Muszka plamoskrzydła grasuje także w Polsce
Ogrodnicy, sadownicy – strzeżcie się. Muszka plamkoskrzydła może spowodować nawet całkowite straty w plantacjach owoców miękkich.
Muszka plamoskrzydła (Drosophila suzukii) jest muchą z rodziny wywilżyn, z rzędu muchówek. To gatunek pokrewny do znanej u nas muszki owocowej (Drosophila melanogaster). Po raz pierwszy została wykryta i opisana w Japonii około 80 lat temu.
W Europie pierwsze muchy odłowiono w 2008 roku w Hiszpanii i Włoszech, a następnie we Francji. W latach 2010-2014 muszka plamoskrzydła została stwierdzona w kolejnych krajach takich, jak: Szwajcaria, Chorwacja, Austria, Słowenia, Portugalia, Belgia, Holandia, Wielka Brytania, Niemcy, Węgry, Grecja, Czechy, Słowacja, Bośnia i Hercegowina, Czarnogóra, Bułgaria.
Jesienią 2014 roku została wykryta w Polsce na terenie województw wielkopolskiego i podkarpackiego, na plantacji borówki wysokiej oraz maliny.
Drosophila suzukii jest szkodnikiem, który może występować na wszystkich dojrzewających i nieuszkodzonych owocach miękkich. W grę wchodzą plantacje borówki wysokiej, maliny, jeżyny, truskawki, porzeczki, moreli, brzoskwini, czereśni, wiśni i śliwy. Ten niepozorny szkodnik atakuje również owoce gatunków dziko rosnących: bzu czarnego, jagody leśnej, jeżyny, czereśni ptasiej, antypki i innych.

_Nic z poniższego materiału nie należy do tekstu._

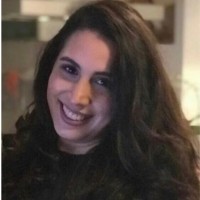 Sahar Mafi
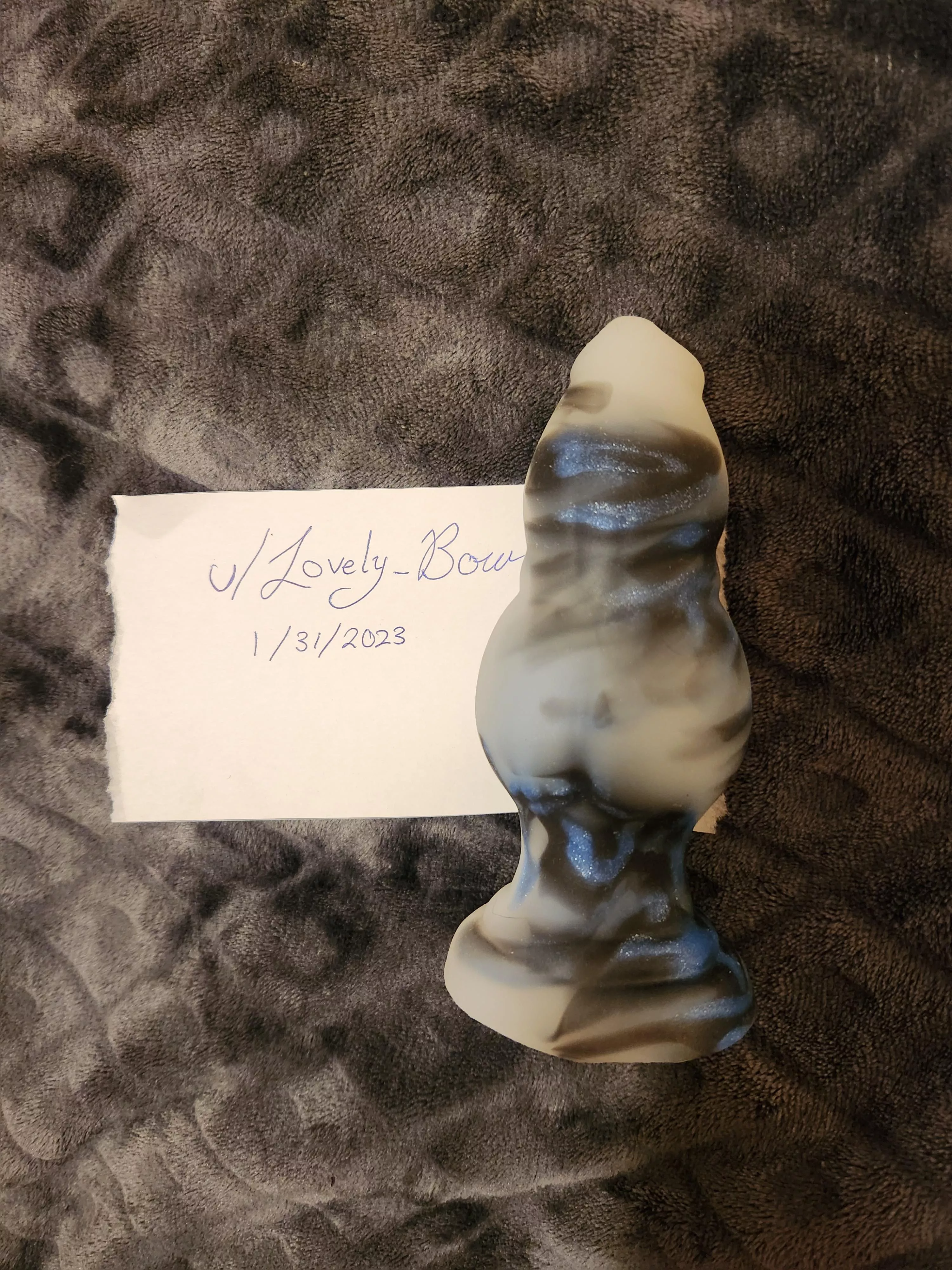 **WTS** [US] TTC Jake M/S gemstone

Na czym polega jego szkodliwa działalność? Jak można wyczytać w opracowaniu przygotowanym przez Instytut Ogrodnictwa Zakład Ochrony Roślin Sadowniczych w Skierniewicach, na skórce owocu, po złożeniu jaja, pojawia się niewielkie zranienie - nakłucie pokładełkiem samicy. Dalszą destrukcję owocu powodują larwy, które żywią się jego miąższem. W przypadku jaj złożonych do owocu tuż przed zbiorem, można nie zauważyć uszkodzenia skórki i owoce są zbierane, a wyraźne uszkodzenia powstałe podczas żerowania larw widoczne są później, np. w przechowalni, w transporcie oraz w czasie obrotu.

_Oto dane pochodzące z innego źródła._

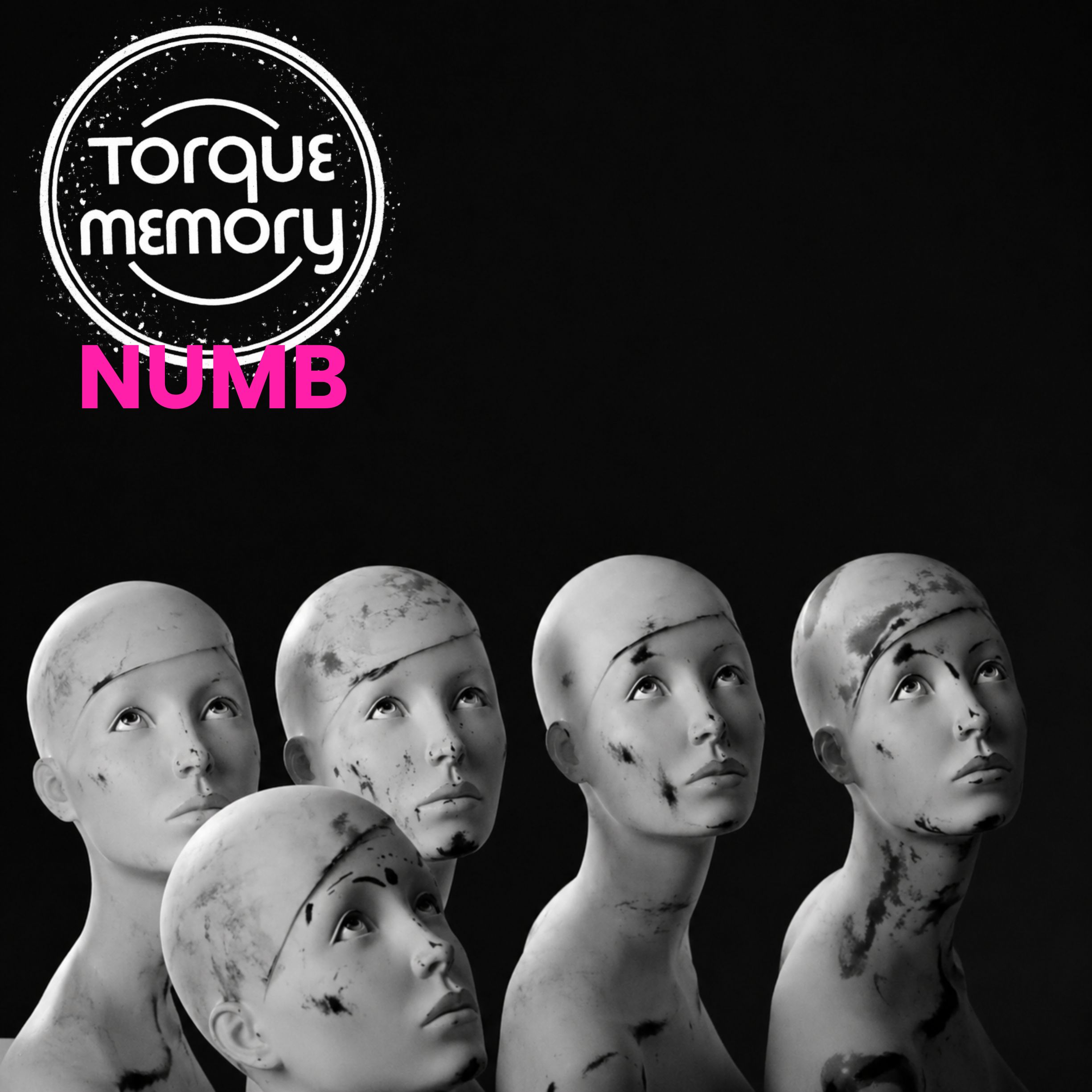NUMB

Skórka na zasiedlonych owocach zaczyna zapadać się wokół miejsca uszkodzenia (np. podczas składania jaja), powodując uwidocznienie się blizny, która wtórnie zostaje zaatakowana przez grzyby patogeniczne lub owady, żywiące się sokiem i miąższem owoców, powodując dalsze jego gnicie. Dodatkowo, zarówno larwy, jak i dorosłe osobniki D. suzukii, mogą przenosić drożdże i bakterie, a te także przyspieszają intensywność procesu gnilnego owoców. Owoce uszkodzone przez larwy muszki plamkoskrzydłej tracą wartość konsumpcyjną i handlową.
W USA stwierdzono straty w zbiorach z powodu uszkodzenia owoców przez muszkę plamoskrzydłą na poziomie 20-40 proc. (mimo wykonania 5-7 zabiegów chemicznych zwalczających szkodnika). Natomiast we Włoszech przy dużym zagrożeniu i braku zwalczania straty plonu sięgały nawet 100 proc..
Zagrożenie jest poważne, bo Drosophila suzukii rozprzestrzenia się w Europie bardzo szybko, przemieszczając się w ciągu roku na odległość około 1400 km. W jednym sezonie może rozwijać około 10 pokoleń.
Jak rozpoznać szkodnika? Drosophila suzukii to mucha z czerwonymi oczami, o rozpiętości skrzydeł 5-6 mm. Samica ma wielkość 3,2-3,4 mm, natomiast samiec jest nieco mniejszy - 2,6-2,8 mm. Jej ciało ma barwę żółtawą do brązowej, a na odwłoku widoczne są ciemne pasy.
Szczegółowa metodyka prowadzenia obserwacji występowania muszki plamoskrzydłej w Polsce, znajduje się na stronie internetowej Instytutu Ogrodnictwa.